Composite materials reinforced with natural fibers: Generalities

Composites are advanced materials made mostly of a matrix and some reinforcements; however, additives and fillers are sometimes essential elements of their formulation, depending on the targeted application [7–9]. Each component used in the composite formulation aims at achieving a specific goal. The matrices are generally responsible for the application’s shape, while the reinforcements provide the required improvement of its mechanical properties. In addition to the composites’ mechanical properties, an improvement of certain properties required by the applications is provided by the additives such as fire retardants [10–12] and coupling agents [13–16]. Those additives are then selected based on both the intended applications and the available matrix-reinforcements. Contrary to both the reinforcements and the additives, fillers do not provide any specific strength to the final composite material; however, they contribute to the reduction of the volume of certain key composite elements while maintaining its critical characteristics. In the light of this information, one can conclude that a filler plays a more economical rather than a technical role. In fact, they significantly increase the composite material’s profitability as they lower its final cost [17–19].

he notion of composites is quite broad and unrestricted to any given industrial sector. In fact, composite materials are formulated with different kind of materials and applicable in a wide range of sectors such as the plastic industry, metallurgy and civil engineering [8,20]. In this regard, metal matrix composites and concrete matrix composites are respectively found in metallurgical and civil engineering, while thermoplastic or thermoset matrices are found in the plastic industry. In different cases, a particular composite’s component can be used to achieve different objectives depending on the application. Such is the case for iron which is both used as a matrix for metal matrix composites and as a reinforcement in reinforced concrete [21–23]. This work focuses on the plastic industry where most of the reinforcements are either man-made fibers such as glass, carbon, Aramid like Kevlar or natural fibers from vegetal, animal and mineral origins [11,24–31].
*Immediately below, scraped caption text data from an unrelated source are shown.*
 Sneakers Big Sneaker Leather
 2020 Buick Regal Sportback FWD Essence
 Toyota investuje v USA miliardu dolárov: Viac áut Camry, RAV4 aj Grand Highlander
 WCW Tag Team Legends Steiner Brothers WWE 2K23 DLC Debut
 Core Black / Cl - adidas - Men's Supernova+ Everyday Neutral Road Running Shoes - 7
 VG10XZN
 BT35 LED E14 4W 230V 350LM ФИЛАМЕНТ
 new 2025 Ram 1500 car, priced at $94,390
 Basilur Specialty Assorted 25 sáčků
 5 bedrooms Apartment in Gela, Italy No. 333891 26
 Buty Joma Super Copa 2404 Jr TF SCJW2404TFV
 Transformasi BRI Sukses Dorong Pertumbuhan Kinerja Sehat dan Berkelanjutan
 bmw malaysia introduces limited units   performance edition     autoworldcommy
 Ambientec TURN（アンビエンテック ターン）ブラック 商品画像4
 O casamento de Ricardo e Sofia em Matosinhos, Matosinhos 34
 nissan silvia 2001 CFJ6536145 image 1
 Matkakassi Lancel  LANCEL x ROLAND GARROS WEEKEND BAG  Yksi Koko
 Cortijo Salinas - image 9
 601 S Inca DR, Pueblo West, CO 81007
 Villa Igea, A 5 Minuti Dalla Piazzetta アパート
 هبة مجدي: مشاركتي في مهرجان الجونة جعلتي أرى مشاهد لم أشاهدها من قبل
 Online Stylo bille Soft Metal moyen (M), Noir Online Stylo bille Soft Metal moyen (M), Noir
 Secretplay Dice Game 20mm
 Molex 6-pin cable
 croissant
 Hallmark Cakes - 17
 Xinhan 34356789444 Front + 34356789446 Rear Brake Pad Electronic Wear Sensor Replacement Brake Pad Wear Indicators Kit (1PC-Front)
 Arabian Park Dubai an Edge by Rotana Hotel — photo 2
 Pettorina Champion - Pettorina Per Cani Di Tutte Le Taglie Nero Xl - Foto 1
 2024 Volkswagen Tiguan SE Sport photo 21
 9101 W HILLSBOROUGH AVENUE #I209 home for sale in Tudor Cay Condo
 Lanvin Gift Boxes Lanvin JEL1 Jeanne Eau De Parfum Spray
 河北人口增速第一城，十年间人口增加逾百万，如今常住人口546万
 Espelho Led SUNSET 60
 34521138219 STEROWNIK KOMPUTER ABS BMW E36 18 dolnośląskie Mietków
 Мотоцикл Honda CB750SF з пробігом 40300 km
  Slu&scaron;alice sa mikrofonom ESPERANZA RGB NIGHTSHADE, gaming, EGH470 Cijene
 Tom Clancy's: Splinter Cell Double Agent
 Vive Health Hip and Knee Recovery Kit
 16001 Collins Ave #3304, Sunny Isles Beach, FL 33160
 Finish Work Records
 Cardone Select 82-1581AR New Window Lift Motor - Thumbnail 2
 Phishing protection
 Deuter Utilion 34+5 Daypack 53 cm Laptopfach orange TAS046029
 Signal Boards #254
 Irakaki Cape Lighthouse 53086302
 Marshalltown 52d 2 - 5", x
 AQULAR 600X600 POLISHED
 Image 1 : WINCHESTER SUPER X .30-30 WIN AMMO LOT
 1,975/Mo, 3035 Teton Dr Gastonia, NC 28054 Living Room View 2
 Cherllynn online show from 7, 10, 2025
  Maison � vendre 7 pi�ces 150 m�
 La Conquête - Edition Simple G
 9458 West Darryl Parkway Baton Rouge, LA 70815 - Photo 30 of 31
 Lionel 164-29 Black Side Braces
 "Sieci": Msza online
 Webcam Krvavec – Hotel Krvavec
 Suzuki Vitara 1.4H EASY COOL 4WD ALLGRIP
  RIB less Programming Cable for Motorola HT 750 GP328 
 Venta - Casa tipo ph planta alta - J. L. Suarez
The composite material’s formulation with vegetal fibers

The reinforcing ability of vegetal fibers

Numerous applications of composite materials reinforced with vegetal or lignocellulosic fibers have been reported in the literature and newer avenues and applications are still being explored around the world through many active and intensive research programs. A wide variety of vegetal fibers have been investigated which include banana [32], hemp [33–36], flax [34,37], kenaf [17,38], jute [39], cotton [40], starch [41] and cellulose [42].Although they stem from different sources, vegetal fibers have a common structure . They are made of different elements such as microfibers, microfilaments and incrusting substances which differ from each other based on their chemical compositions and their functions. In general, microfibers and microfilaments are each held together by the incrusting substances which then act as adhesives. In general, vegetal fibers are comparable to composite materials whose reinforcements are microfibers and microfilaments and which can be characterized by either their physical appearance or by their chemical structure.

Non-cellulosic materials of vegetal fibers, also known as incrusting substances include lignin, hemicelluloses and pectin. Contrary to cellulose, non-cellulosic do not show a regular chemical structure. Hemicelluloses for example are carbohydrate macromolecular chains containing different sugar rings, while lignin which is generally responsible for the rigidity of wood is made of poly-substituted phenolic compounds. Moreover, lignin has a much higher molecular weight than hemicelluloses. Pectins are polysaccharides linked to calcium ions. The degree of polymerization of non-cellulosic matters of vegetal fibers lies between 50 and 500 units [29,42]; moreover, they are hydro-soluble and amorphous due to their inability to show a regular repetitive pattern.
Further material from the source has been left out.